A voz vinha do saguão de entrada. Eu já estava nos últimos degraus
do lance que dava para o corredor ao lado da escada principal.
Sentindo a contragosto um calafrio em ondas bulindo com as minhas
costelas, fui avançando junto da grande mesa onde ficava a maquete
do teatro e, quase tropeçando na passadeira que desce para o
vestíbulo, passei entre as duas luminárias de Raoul Verlet e fui para a
rotunda do lado esquerdo. Nada. Ninguém. Tateando, procurei um
interruptor que sabia ficar perto do aparelho de TV, ali colocado para
transmitir as imagens do palco para os retardatários. Acendi. As luzes
das estátuas de Verlet, de Kipli Moreau, das rosetas centrais do teto e
das cúpulas em vidro “manga rosa” se iluminaram.

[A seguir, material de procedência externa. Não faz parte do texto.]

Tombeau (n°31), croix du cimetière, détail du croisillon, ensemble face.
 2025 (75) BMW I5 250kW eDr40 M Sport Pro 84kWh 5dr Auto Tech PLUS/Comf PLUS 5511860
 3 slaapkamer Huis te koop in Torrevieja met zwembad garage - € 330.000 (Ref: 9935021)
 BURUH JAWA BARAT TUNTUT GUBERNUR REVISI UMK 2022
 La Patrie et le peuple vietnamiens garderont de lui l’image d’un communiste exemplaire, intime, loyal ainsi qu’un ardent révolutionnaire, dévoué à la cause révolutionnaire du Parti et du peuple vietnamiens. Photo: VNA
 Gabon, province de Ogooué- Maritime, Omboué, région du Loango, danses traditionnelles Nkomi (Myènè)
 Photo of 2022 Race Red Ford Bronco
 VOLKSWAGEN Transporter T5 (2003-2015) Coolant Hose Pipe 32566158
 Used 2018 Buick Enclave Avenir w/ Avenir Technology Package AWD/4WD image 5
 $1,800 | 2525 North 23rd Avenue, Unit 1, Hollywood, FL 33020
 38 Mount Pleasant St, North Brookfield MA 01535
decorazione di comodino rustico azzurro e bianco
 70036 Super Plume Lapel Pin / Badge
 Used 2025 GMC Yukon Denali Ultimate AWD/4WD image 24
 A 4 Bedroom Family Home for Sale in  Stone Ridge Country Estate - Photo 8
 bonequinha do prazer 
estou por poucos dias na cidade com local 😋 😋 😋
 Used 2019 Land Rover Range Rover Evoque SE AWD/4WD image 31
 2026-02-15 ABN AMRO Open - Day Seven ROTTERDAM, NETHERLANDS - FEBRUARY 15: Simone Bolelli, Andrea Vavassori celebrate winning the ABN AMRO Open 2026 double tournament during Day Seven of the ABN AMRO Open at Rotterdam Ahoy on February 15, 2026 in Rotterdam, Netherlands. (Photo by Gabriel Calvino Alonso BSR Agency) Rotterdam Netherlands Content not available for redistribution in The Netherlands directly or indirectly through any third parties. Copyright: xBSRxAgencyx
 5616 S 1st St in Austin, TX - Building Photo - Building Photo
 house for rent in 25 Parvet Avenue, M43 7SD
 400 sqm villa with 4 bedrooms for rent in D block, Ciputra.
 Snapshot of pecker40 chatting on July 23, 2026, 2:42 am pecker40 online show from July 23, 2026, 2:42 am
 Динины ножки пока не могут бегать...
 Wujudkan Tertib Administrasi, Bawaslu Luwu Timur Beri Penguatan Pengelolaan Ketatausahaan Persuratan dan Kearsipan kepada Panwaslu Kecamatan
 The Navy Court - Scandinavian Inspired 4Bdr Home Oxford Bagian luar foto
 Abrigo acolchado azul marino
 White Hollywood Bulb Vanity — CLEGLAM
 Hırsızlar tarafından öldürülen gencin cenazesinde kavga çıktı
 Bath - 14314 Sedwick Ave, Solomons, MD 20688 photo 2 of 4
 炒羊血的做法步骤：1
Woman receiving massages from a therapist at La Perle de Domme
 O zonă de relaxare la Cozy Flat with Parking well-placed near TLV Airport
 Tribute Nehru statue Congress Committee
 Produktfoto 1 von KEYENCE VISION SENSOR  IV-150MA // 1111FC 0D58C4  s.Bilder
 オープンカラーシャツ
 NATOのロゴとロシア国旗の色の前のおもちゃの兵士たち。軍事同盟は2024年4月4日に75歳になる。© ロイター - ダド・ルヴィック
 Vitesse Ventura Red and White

Lentamente, passo a passo pelo hall de entrada, olhei em volta.
Nada. Ninguém. Tudo estava imóvel, como convém a estátuas,
luminárias, pinturas e demais inanimados que se prezem. Tudo no
lugar: as dançarinas ebúrneas, as deusas marmóreas, as flores
metálicas. Tudo como sempre havia estado, como as formosas
cabeças em bronze, encaixadas no mármore verde das volutas do
arremate da escada principal, cada uma olhando para um la…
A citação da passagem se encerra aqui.